• _Dataset records_
========

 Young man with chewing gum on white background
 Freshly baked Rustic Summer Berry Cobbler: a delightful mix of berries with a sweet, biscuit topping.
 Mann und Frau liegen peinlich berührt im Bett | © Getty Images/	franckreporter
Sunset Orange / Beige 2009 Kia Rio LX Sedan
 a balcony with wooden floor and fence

========

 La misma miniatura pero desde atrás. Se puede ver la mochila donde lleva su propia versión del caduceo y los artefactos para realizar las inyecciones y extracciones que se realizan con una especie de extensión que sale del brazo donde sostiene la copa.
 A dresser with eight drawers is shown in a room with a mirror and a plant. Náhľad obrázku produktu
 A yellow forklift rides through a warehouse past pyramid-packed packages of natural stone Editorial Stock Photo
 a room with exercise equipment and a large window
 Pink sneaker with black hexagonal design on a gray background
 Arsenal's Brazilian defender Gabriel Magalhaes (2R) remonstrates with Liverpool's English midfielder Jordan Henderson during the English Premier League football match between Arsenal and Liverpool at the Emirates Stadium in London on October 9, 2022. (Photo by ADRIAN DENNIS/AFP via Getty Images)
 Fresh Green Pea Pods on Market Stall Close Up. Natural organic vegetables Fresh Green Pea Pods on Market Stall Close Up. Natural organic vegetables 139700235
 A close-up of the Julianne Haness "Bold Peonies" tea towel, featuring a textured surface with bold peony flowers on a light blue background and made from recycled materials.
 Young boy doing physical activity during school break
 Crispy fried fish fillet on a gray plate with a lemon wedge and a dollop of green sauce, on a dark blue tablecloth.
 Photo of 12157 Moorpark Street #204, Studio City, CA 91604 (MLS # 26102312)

========

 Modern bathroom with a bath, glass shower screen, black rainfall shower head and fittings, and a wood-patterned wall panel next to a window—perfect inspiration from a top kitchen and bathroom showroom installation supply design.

========

• _What the task asks_
Would you quote everything above from the line containing "Young man with" down to the line containing "a balcony with wooden floor and fence"? Include both of those lines and nothing else.

• _Result of this exercise_
 Young man with chewing gum on white background
 Freshly baked Rustic Summer Berry Cobbler: a delightful mix of berries with a sweet, biscuit topping.
 Mann und Frau liegen peinlich berührt im Bett | © Getty Images/	franckreporter
Sunset Orange / Beige 2009 Kia Rio LX Sedan
 a balcony with wooden floor and fence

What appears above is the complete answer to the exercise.